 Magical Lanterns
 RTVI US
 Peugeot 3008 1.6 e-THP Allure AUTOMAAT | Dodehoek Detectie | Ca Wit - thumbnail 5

▶ _PROBLEM_: Every line above is to be transcribed exactly, with nothing dropped.

▶ _EXERCISE ANSWER_:
 Magical Lanterns
 RTVI US
 Peugeot 3008 1.6 e-THP Allure AUTOMAAT | Dodehoek Detectie | Ca Wit - thumbnail 5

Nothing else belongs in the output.